Let me explain my question using an example: I have a dataframe:
pd_1 = pd.DataFrame({'day':[1,2,3,2,1,3],
'code': [10, 10, 20,20,30,30],
'A': [44, 55, 66,77,88,99],
'B':['a',None,'c',None,'d', None],
'C':[None,None,'12',None,None, None]
})
df_1 = sc.createDataFrame(pd_1)
df_1.show()
Output:
+---+----+---+----+----+
|day|code| A| B| C|
+---+----+---+----+----+
| 1| 10| 44| a|null|
| 2| 10| 55|null|null|
| 3| 20| 66| c| 12|
| 2| 20| 77|null|null|
| 1| 30| 88| d|null|
| 3| 30| 99|null|null|
+---+----+---+----+----+
What I want to achieve is a new dataframe, each row corresponds to a code
, and for each column I want to have the most recent non-null value (with highest day
).
In pandas, I can simply do
pd_2 = pd_1.sort_values('day', ascending=True).groupby('code').last()
pd_2.reset_index()
to get
code day A B C
0 10 2 55 a None
1 20 3 66 c 12
2 30 3 99 d None
My question is, how can I do it in pyspark (preferably version < 3)?
What I have tried so far is:
from pyspark.sql import Window
import pyspark.sql.functions as F
w = Window.partitionBy('code').orderBy(F.desc('day')).rowsBetween(Window.unboundedPreceding, Window.unboundedFollowing)
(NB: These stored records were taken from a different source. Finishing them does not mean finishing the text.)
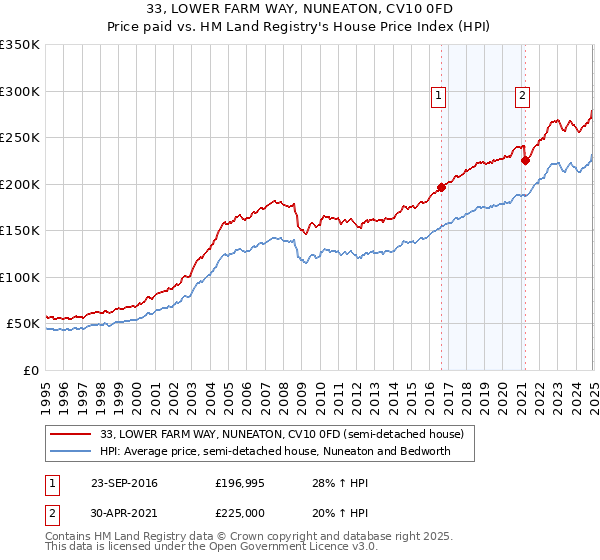 33, LOWER FARM WAY, NUNEATON, CV10 0FD: Price paid vs HM Land Registry's House Price Index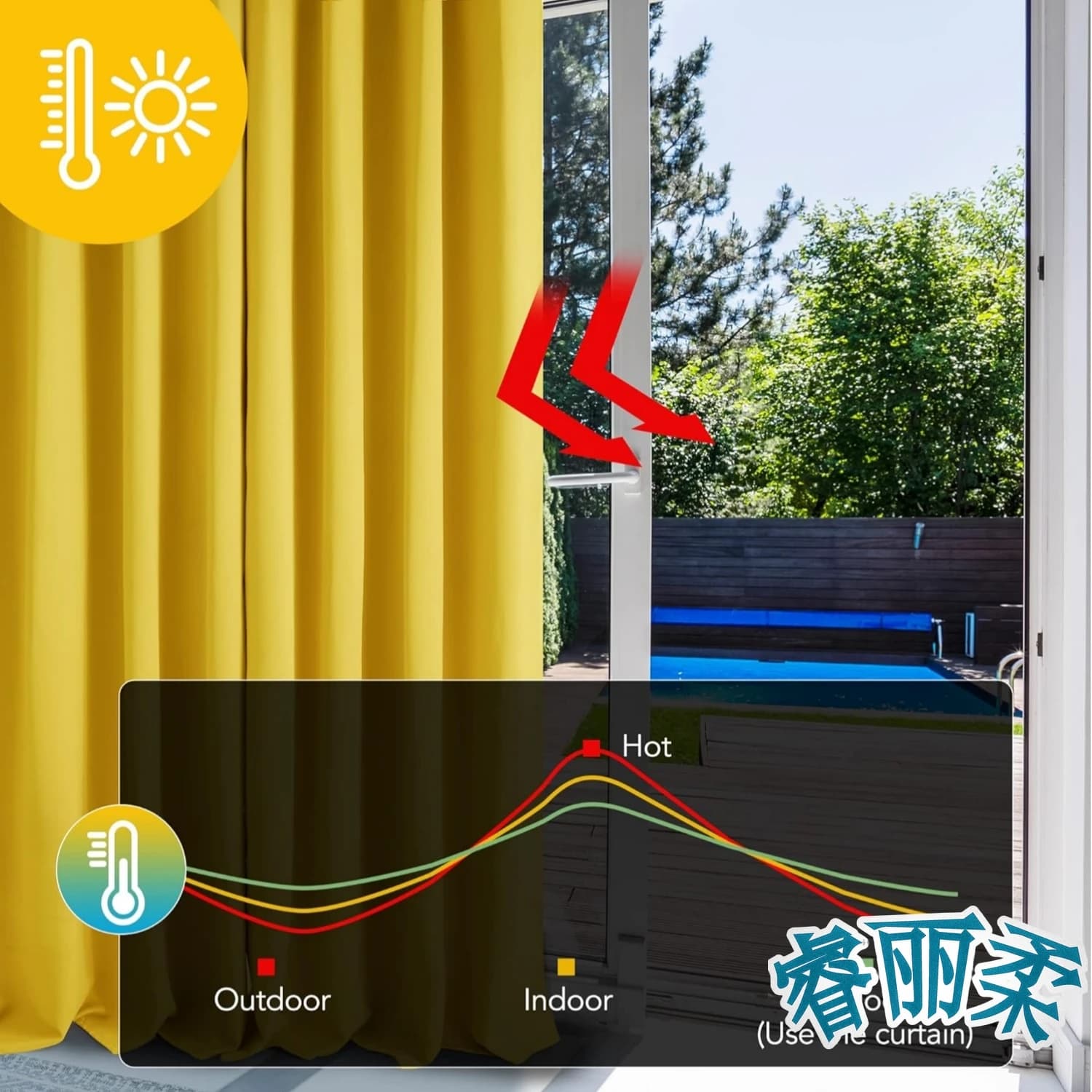 Thermal Blackout Curtains with Eyelets, 2 Panels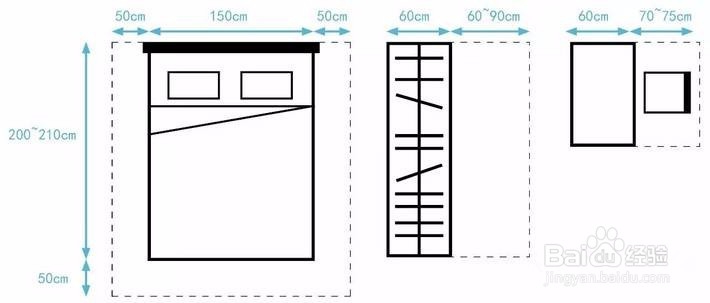 卧室套房装修家具布置技巧及灯光布置知识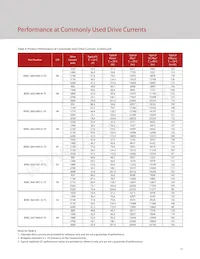 BXRC-65E10K1-C-73 Datasheet Pagina 15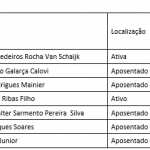 sinal-df-informa-12-04-2019-IMG-01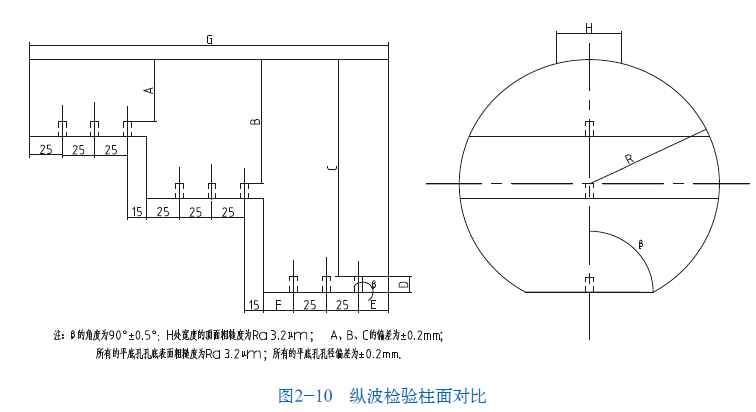 milan官网登录入口司|试块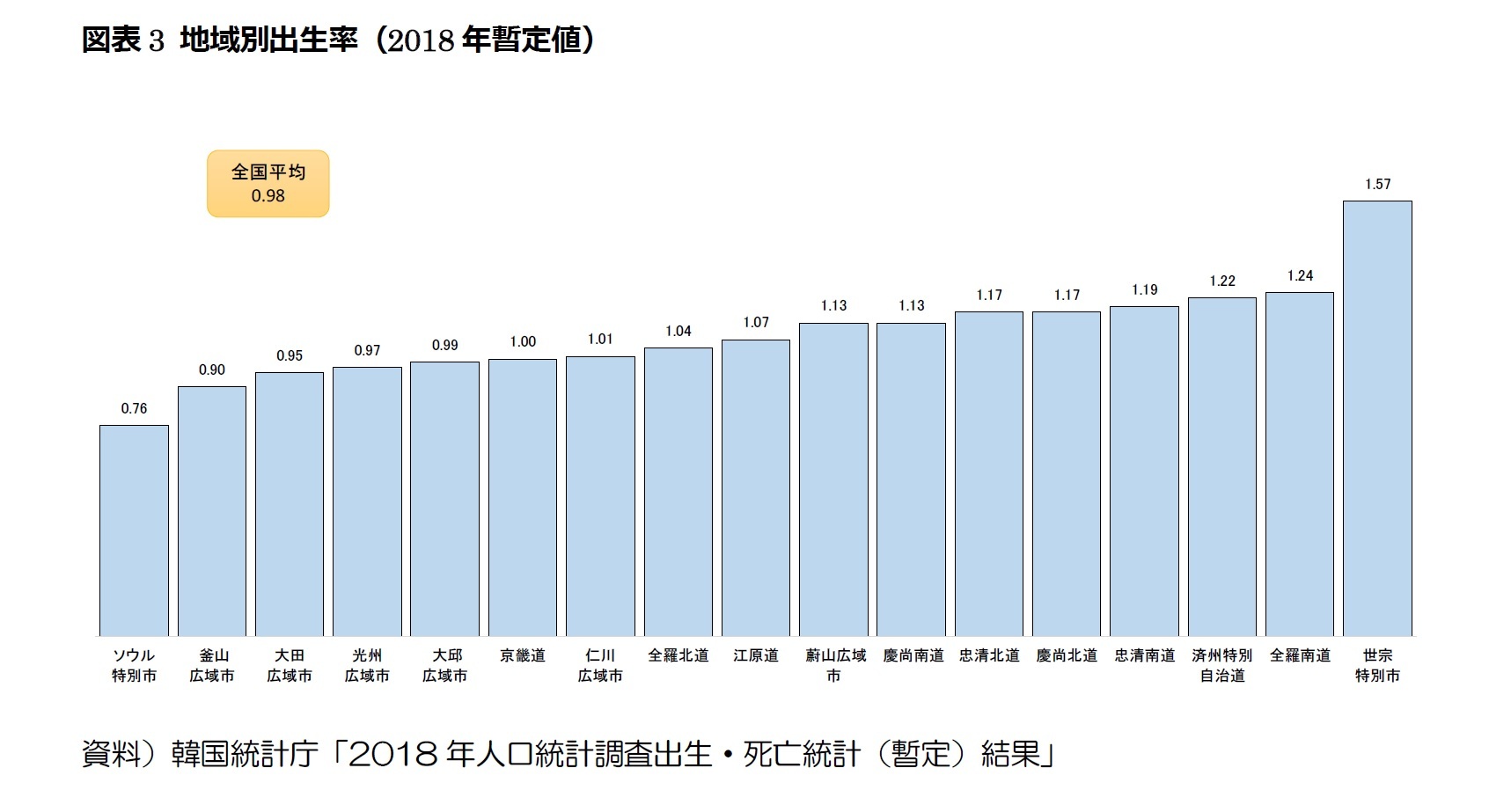 図表3 地域別出生率(2018年暫定値)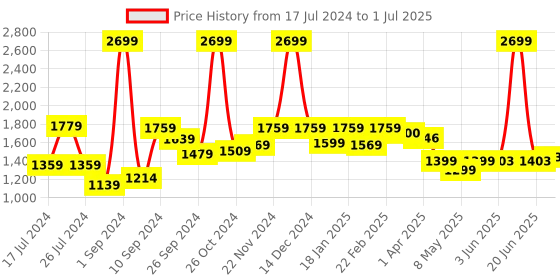 myntra.com UMAI Green & Yellow Metal Regular Multi-Utility Organisers umai Price History Graph from 17 Jul 2024 to 1 Jul 2025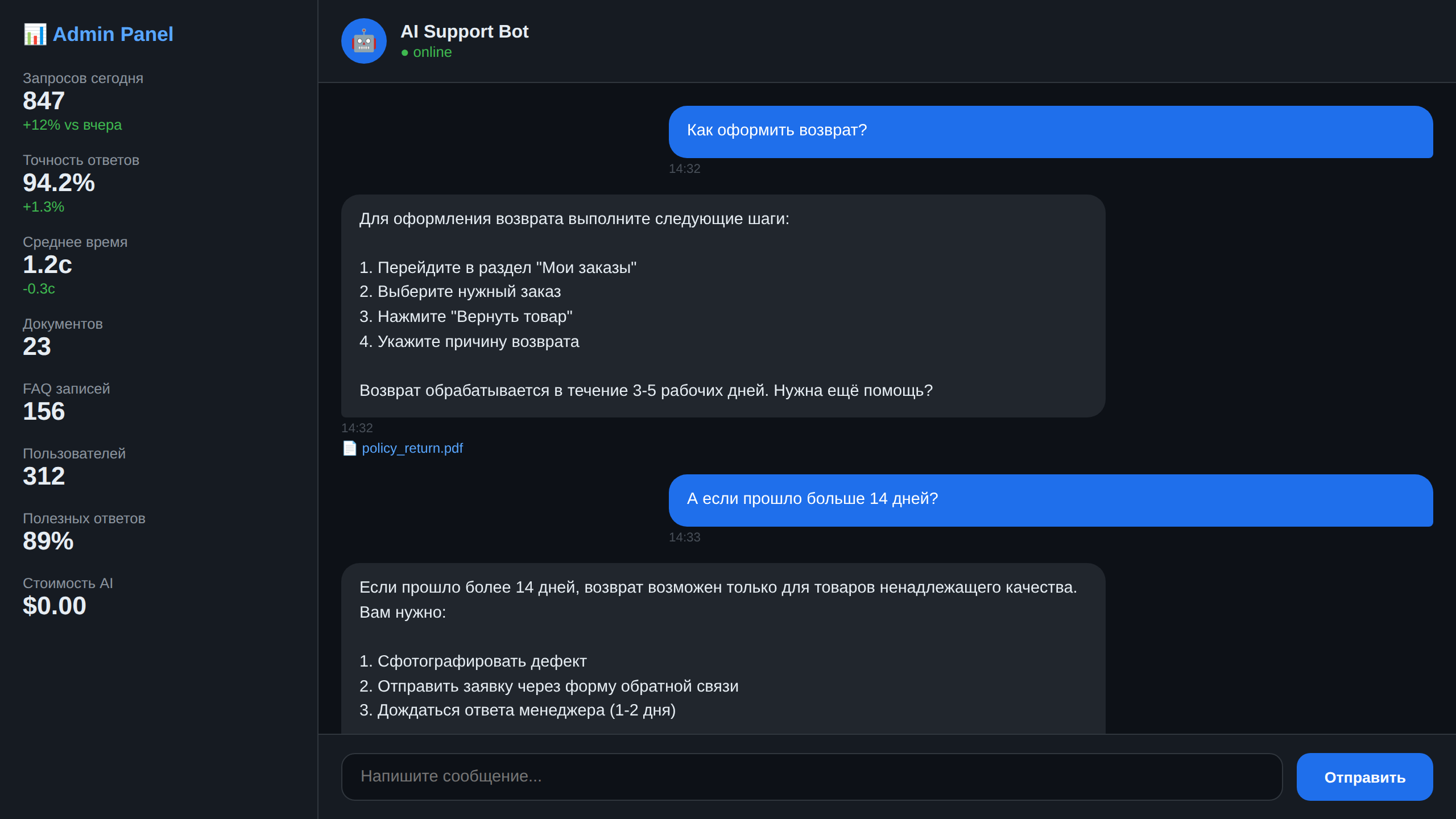 Telegram AI Bot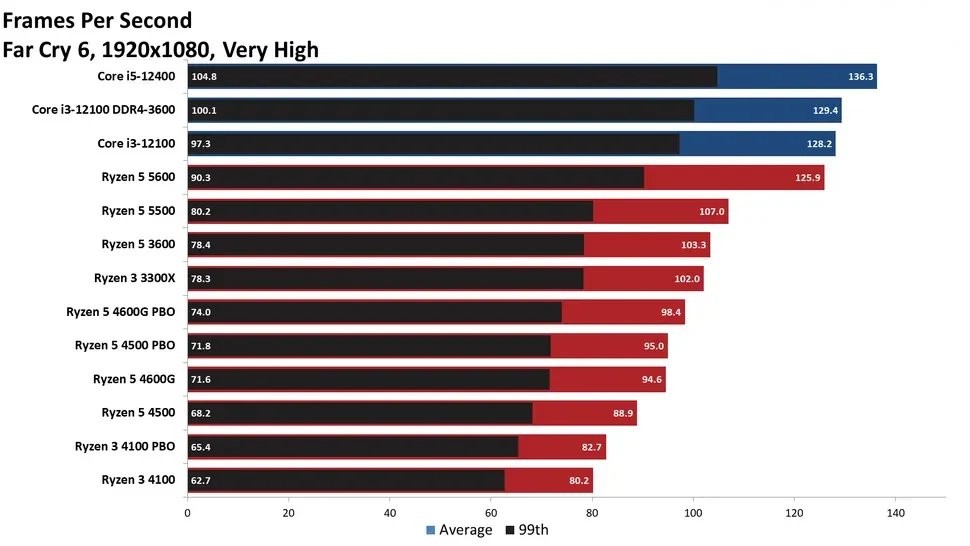 مقایسه ی عملکرد رایزن-5-4500 و رایزن-3-4100 در بازی Far-Cry-6 در رزولوشن 1080p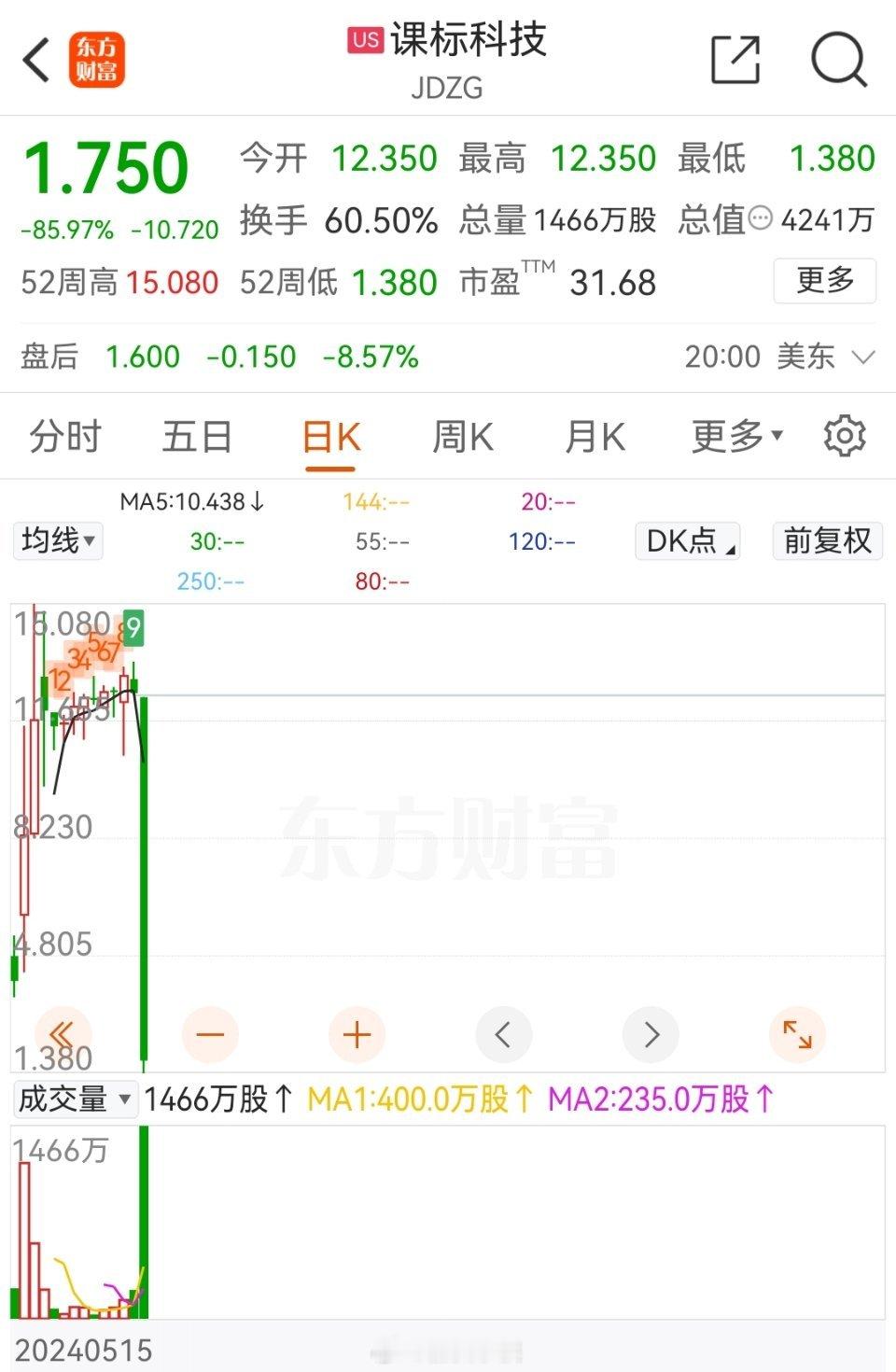 中概股课标科技一夜暴跌86%在美股有两种方式可以大幅获利一种是做多欧美科技股，另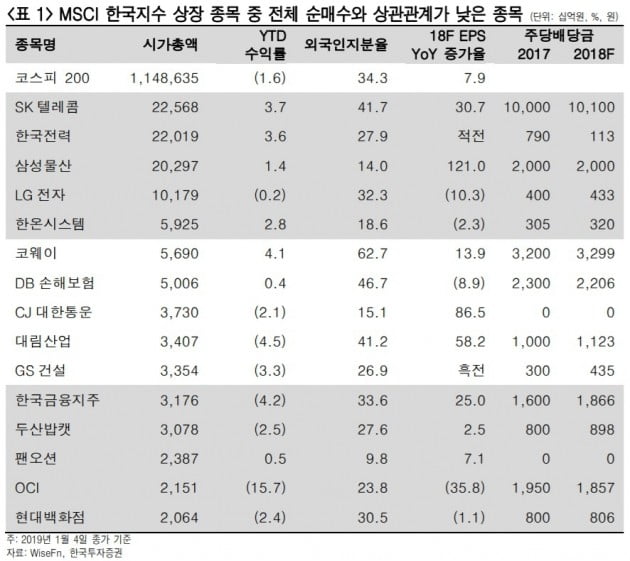 "커지는 지수추종 자금, 초과이익 기회 작아져"-한국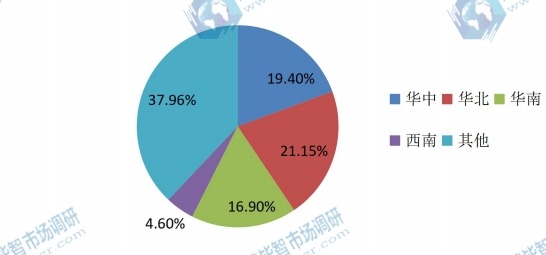 呼吸麻醉機(jī)行業(yè)區(qū)域市場(chǎng)分布 呼吸麻醉機(jī)行業(yè)區(qū)域市場(chǎng)分布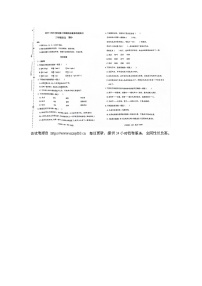 广东省深圳市龙岗区乐淮实验学校2023-2024学年三年级下学期4月期中语文试题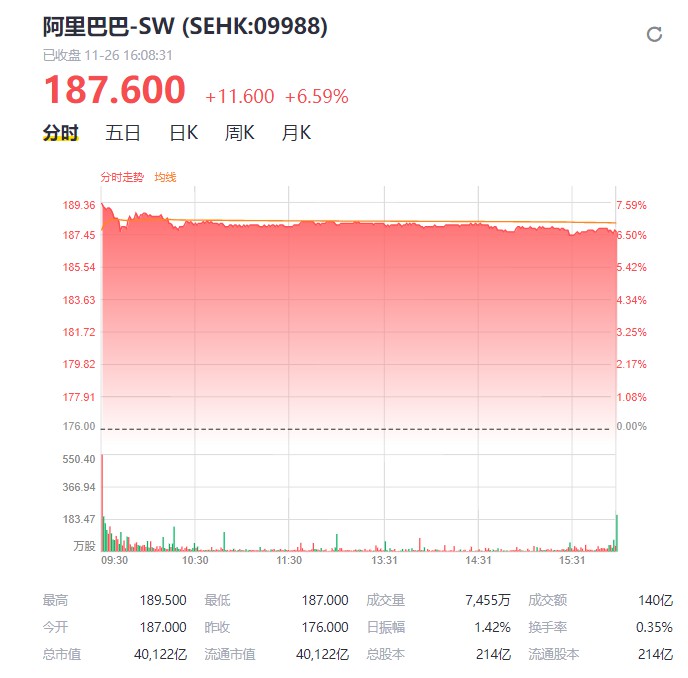 阿里港交所上市首日收涨近6.6% 成交140亿港元_零售_电商之家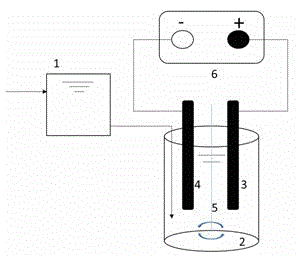 A method for preparing magnetic activated carbon from municipal sludge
## Update: after applying @Steven's idea to remove for loop:
df_1 = df_1 .select([F.collect_list(x).over(w).getItem(0).alias(x) for x in df_.columns])
##for x in df_1.columns:
## df_1 = df_1.withColumn(x, F.collect_list(x).over(w).getItem(0))
df_1 = df_1.distinct()
df_1.show()
Output
+---+----+---+---+----+
|day|code| A| B| C|
+---+----+---+---+----+
| 2| 10| 55| a|null|
| 3| 30| 99| d|null|
| 3| 20| 66| c| 12|
+---+----+---+---+----+
Which I'm not very happy with, especially due to the for loop
.